Suite de la chronique, après des échanges mi-juillet avec les services de l’État
J’ai participé le 16 juillet 2025 à la présentation publique du futur Hôpital Spécialisé des Armées (HSA) Robert Picqué, en présence de hauts représentants du ministère des armées. Le projet qui nous a été présenté doit répondre à la nouvelle feuille de route donnée par le ministère, dans un contexte géopolitique incertain.
La question du désengagement du projet Bahia a bien entendu été posée, et les réponses très claires :
1. Ce désengagement était possible contractuellement, écrit noir sur blanc
2. Annoncé par le ministère des Armées en 2023 il est accompagné jusqu’en 2027 par la mise à disposition de moyens y compris humains
3. La conciliation en cours sur le montant de la compensation financière annoncée pour l’instant à 3,5 Millions € sera connue fin juillet
Voilà qui remet du factuel dans les annonces et reproches portés par voie de presse.
Mes échanges avec les représentants des services de l’État concernés confirment par ailleurs que le soi-disant « désengagement de l’État » de BAHIA c’est 38 millions d’€ abondés à la construction du nouveau bâtiment de Bagatelle, un déficit structurel comblé chaque année dont récemment 2,5 Millions € versés en 2024, 5 millions € en 2025 et un plan de retour à l’équilibre avec encore 1 million €/an pendant 5 ans.
Un « désengagement » à + de 45 millions d’€ c’est assez singulier !
Enfin à tous ceux qui m’attaquent courageusement sur les réseaux sociaux je n’ai pas souvenir qu’ils aient poussé la porte de ma permanence pour démentir mes arguments ou mes chiffres (tous sourcés) alors qu’ils sont nombreux à patauger dans des conflits d’intérêts dans ce dossier. Pour ma part je n’ai de lien avec aucune des parties prenantes, je ne poursuis qu’un seul objectif depuis le début : que l’argent des contribuables serve une offre de soins à la hauteur des besoins des habitant-es du territoire. Je crois qu’à l’heure où les urgences sont maintenant fermées la nuit et que le service de réanimation à déjà été fermé mes exigences ne sont pas extravagantes.

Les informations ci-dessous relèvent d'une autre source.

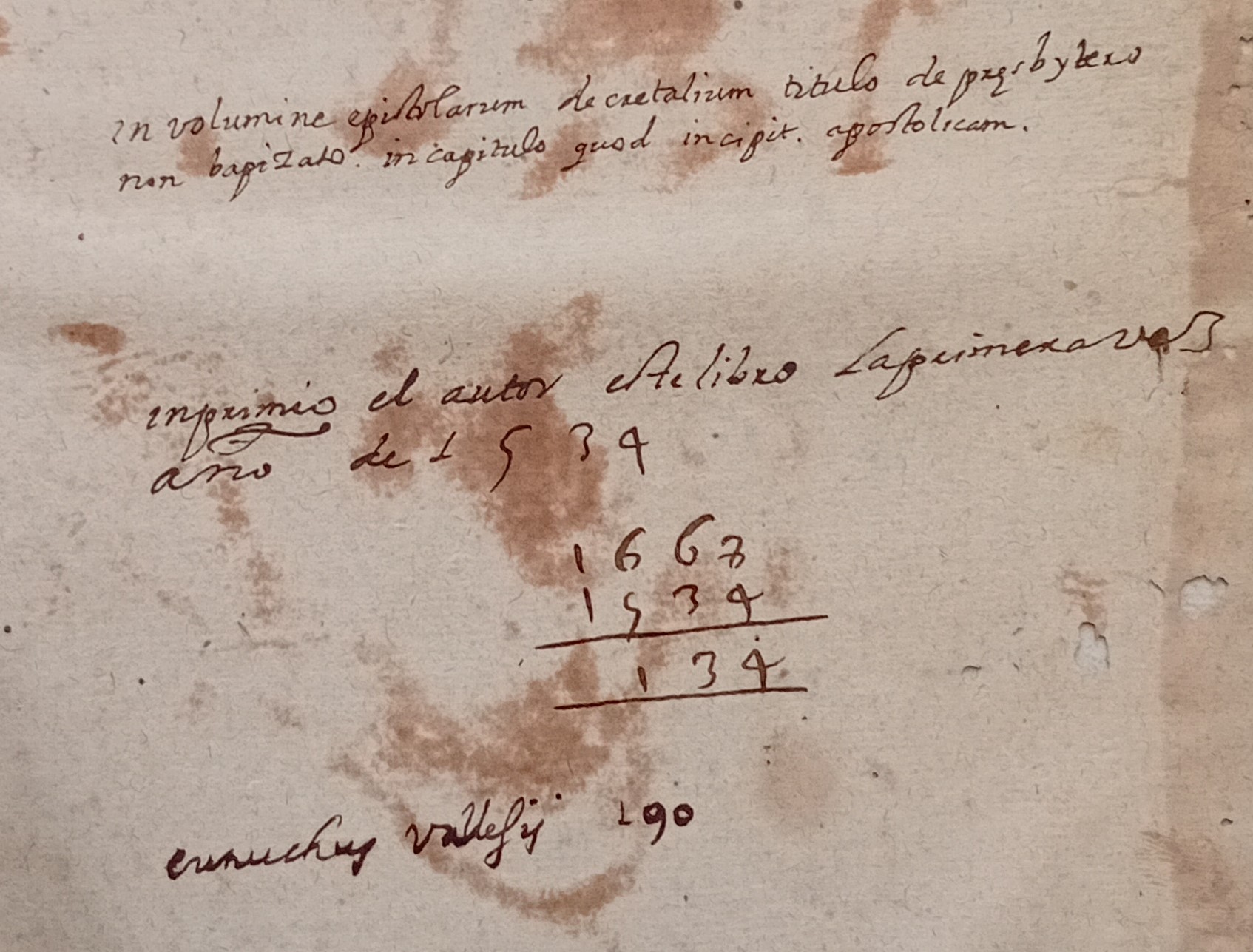 Anotaciones Manuscritas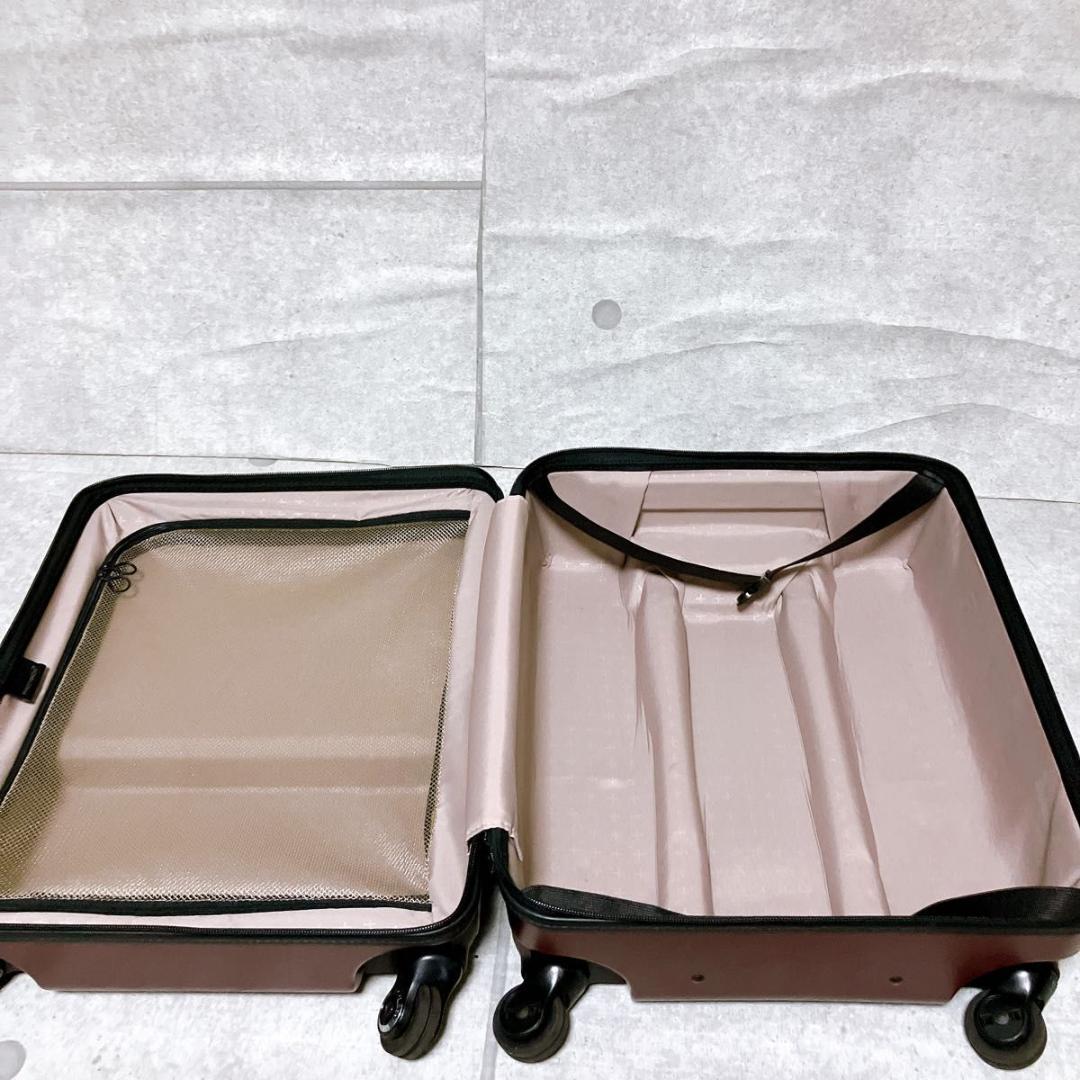 プロテカ マックスパスH2s スーツケース 40L ワインレッド 4輪 キャリー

Mes propositions pour garantir l’offre de soins, préserver emplois et compétences :
-
L’engagement administratif et financier de l’État pour garantir l’offre de soins aux + de 200 000 habitant-es du secteur, un contrôle effectif par l’ARS de l’utilisation de l’argent public
-
Un audit financier et social externe pour connaître la situation financière et l’offre sanitaire exactes de la fondation Bagatelle et pour garantir la pérennité des emplois
-
La publication de ses comptes des 5 dernières années, visés par un commissaire au comptes, pour s’affranchir des déclarations orientées volontairement catastrophistes
-
Le conditionnement du versement d’argent public à un droit de regard sur la gestion de la clinique et son maintien non négociable en secteur 1
-
L’assurance que les urgences ne soient pas fermées la nuit cet été
Si ces conditions ne sont pas réunies alors le ministère de la Santé doit reprendre la dette et la propriété de l’établissement pour assurer la continuité de l’offre de soin sur ce bassin de + de 200 000 habitant-es.